Bohun looked him over from head to foot, bowed in silence, and turning--both had stood throughout this passage--grasped a bell-rope by the chimney, and pulled it violently.
Duncan turned to the door, hat in hand, realising that he had his answer and was lucky to get away with one so mild. Only the emergency could have spurred him to the point of so outrageous an impertinence.
In the desolate fastnesses of that dreary house somewhere a bell tinkled discordantly. A moment later the white-headed darky butler opened the door.
"Suh?" he said.
Colonel Bohun essayed to speak, cleared his throat angrily, and indicated Duncan with a courteous gesture.

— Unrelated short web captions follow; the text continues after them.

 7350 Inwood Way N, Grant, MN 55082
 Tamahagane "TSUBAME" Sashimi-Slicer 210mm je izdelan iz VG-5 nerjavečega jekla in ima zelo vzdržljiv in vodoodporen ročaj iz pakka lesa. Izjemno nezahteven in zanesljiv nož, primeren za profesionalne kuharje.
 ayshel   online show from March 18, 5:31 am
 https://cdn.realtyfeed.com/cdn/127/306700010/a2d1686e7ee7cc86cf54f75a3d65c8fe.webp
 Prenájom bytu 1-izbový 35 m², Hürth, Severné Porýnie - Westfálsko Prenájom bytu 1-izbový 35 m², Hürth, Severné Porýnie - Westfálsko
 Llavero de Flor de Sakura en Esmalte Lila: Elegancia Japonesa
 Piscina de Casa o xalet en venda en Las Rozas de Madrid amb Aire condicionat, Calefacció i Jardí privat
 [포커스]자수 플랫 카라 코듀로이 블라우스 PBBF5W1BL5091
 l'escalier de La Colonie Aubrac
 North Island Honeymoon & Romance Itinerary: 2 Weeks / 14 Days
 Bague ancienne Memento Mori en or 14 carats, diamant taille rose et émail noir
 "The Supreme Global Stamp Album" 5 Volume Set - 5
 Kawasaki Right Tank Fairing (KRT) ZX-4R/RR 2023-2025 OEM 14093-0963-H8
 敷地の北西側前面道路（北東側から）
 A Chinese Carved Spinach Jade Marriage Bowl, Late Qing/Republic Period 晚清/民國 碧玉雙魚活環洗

"Scipio," said he, "this gentleman will have a glass of wine with me."
"Yassuh!" stammered the negro, overcome with astonishment.
Bohun turned to his guest. "Won't you be seated, Mr. Duncan?" he said. "You have interested me considerably, sir, and I should be glad to discuss the matter with you."
Speechless, Duncan gasped incoherently and moved toward a chair as the servant reappeared with a tray on which was a decanter of sherry and two old-fashioned, thin-stemmed crystal glasses. He placed this on the library table, filled the glasses, and at a sign from Bohun retired.
"Sir," said the colonel, indicating the tray, "to you."
"I--I thank you, sir." Duncan lifted one of the glasses. Bohun took up the one remaining, and held it toward his guest with the gracious gesture of a bygone day.
"I hold it a privilege, sir," he said, "to drink to the only gentleman of spirit it's been my good fortune to meet this many a year."
By way of an aside, it should be mentioned that this was the first and only drink Duncan took while he lived in Radville.